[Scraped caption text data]

******

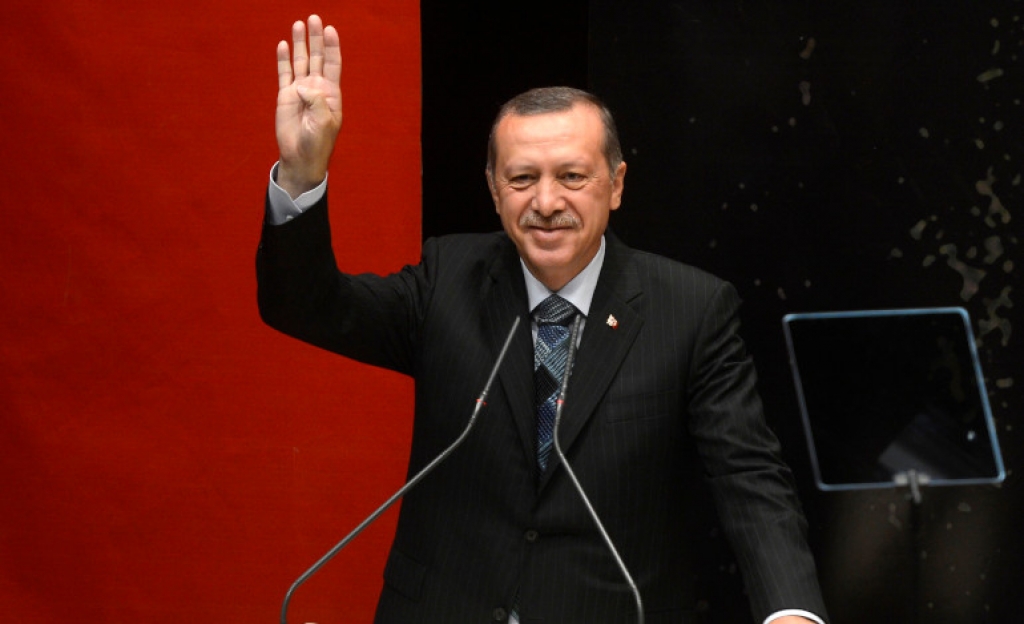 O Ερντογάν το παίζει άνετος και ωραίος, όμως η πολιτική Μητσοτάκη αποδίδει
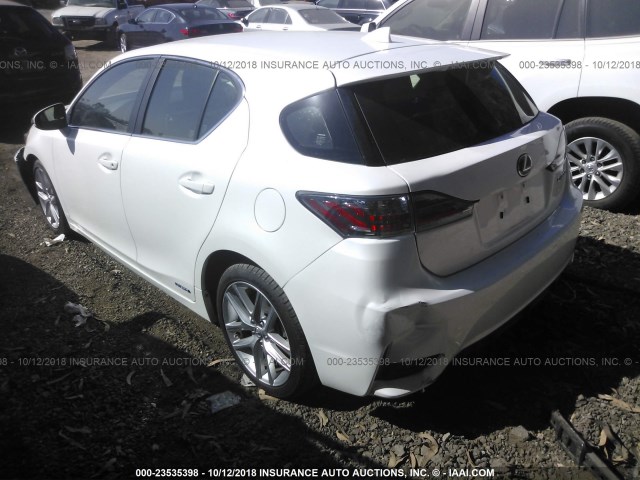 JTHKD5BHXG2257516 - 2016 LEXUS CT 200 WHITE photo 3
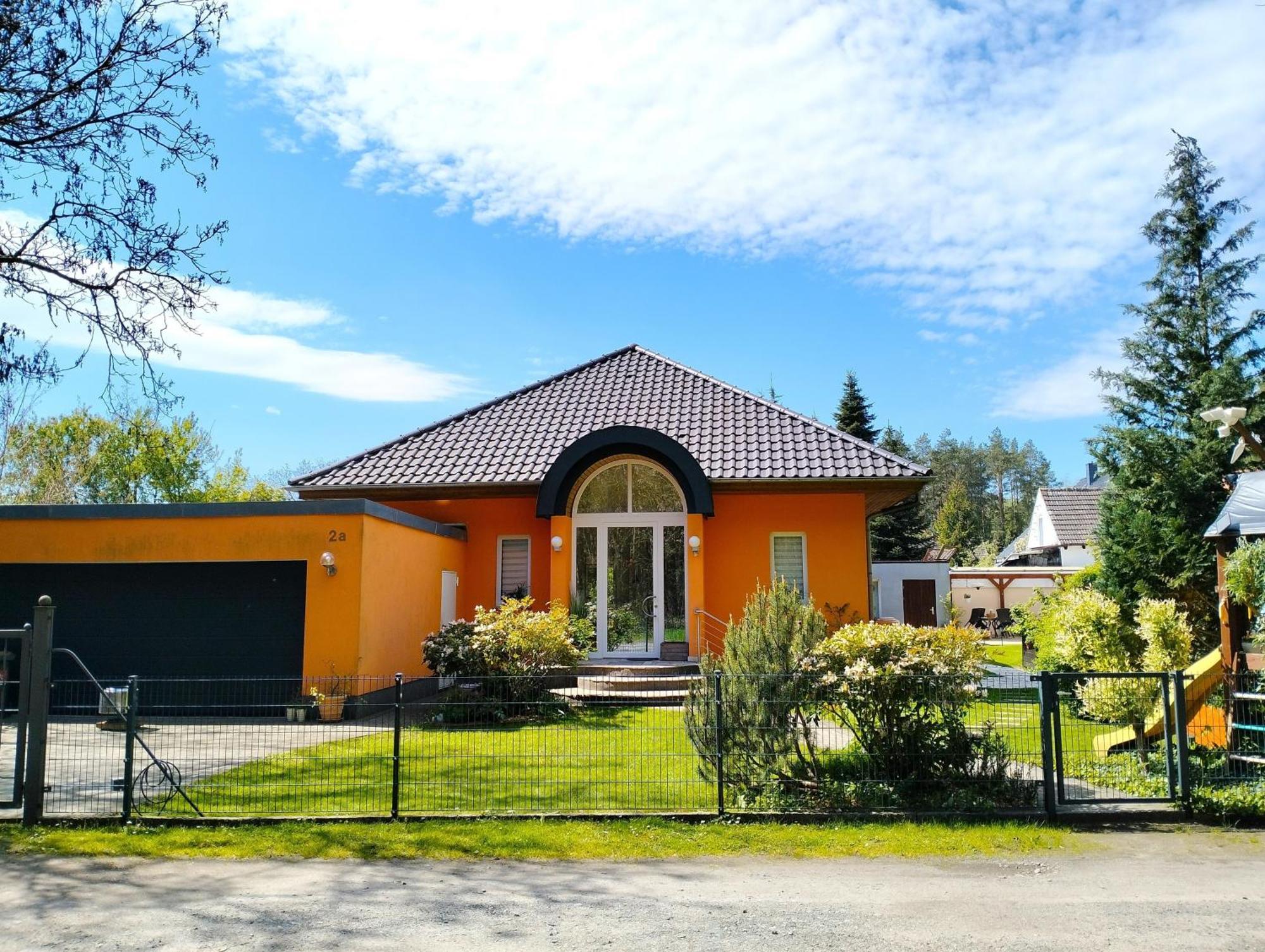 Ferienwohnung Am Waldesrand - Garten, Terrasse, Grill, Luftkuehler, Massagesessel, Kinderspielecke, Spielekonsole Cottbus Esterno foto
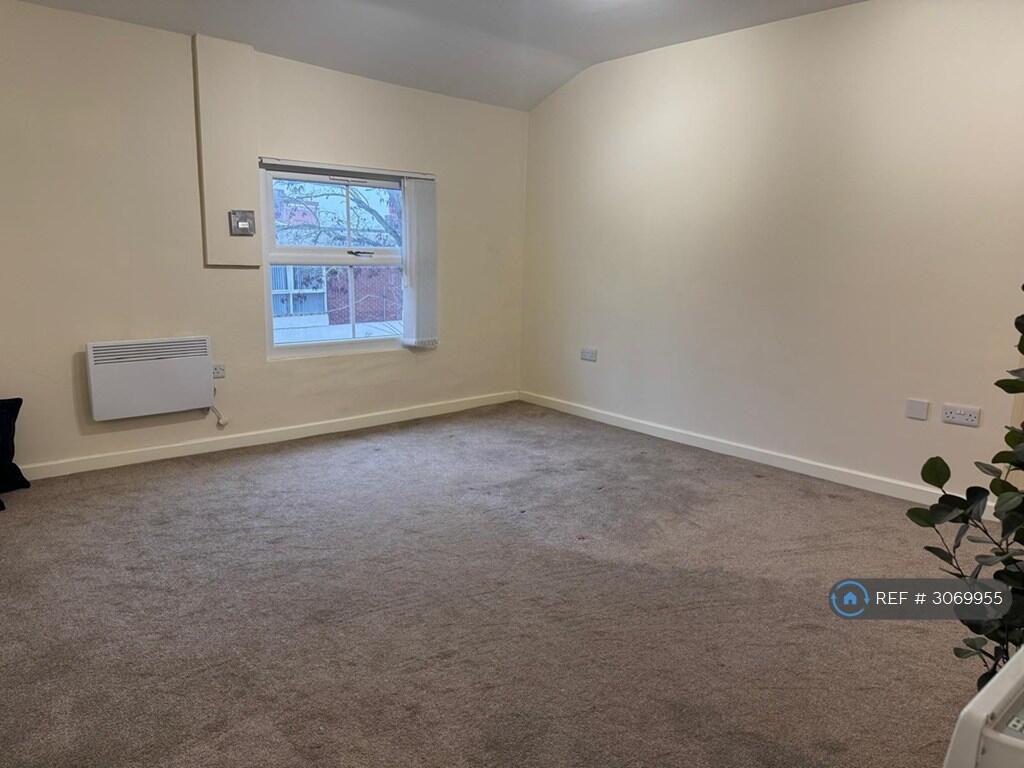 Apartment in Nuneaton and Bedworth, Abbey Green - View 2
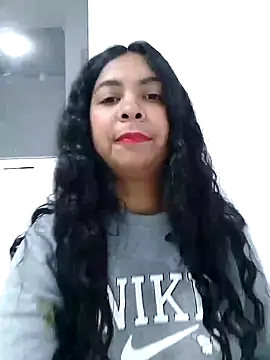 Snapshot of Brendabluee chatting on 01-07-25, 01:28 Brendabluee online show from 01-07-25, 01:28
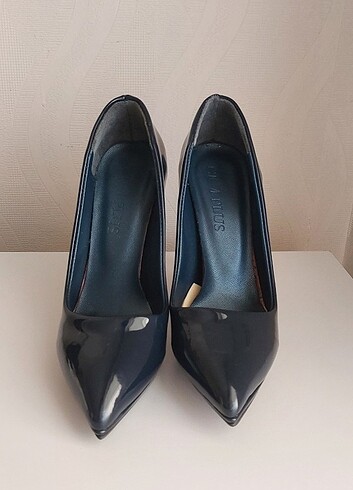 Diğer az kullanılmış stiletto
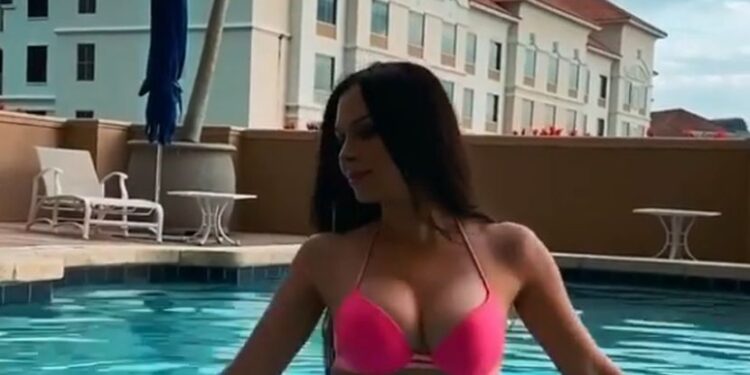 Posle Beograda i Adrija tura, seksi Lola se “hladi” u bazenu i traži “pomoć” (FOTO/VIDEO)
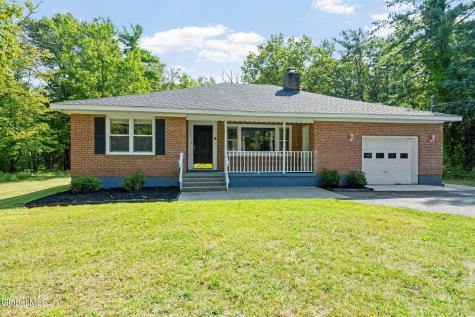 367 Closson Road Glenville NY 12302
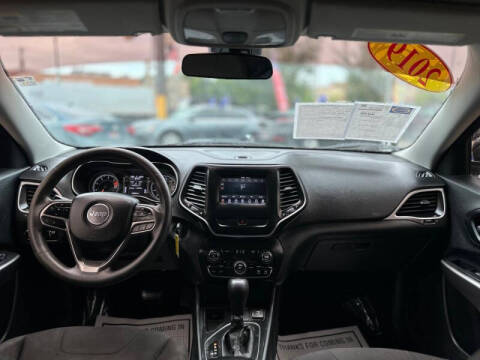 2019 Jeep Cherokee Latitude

******

* TRY IT:
Transcribe exactly, and only, the lines from the one with "Diğer az kullanılmış stiletto" through the final line of the data above. The pictures stay out.

* WRITTEN SOLUTION:
 Diğer az kullanılmış stiletto
 Posle Beograda i Adrija tura, seksi Lola se “hladi” u bazenu i traži “pomoć” (FOTO/VIDEO)
 367 Closson Road Glenville NY 12302
 2019 Jeep Cherokee Latitude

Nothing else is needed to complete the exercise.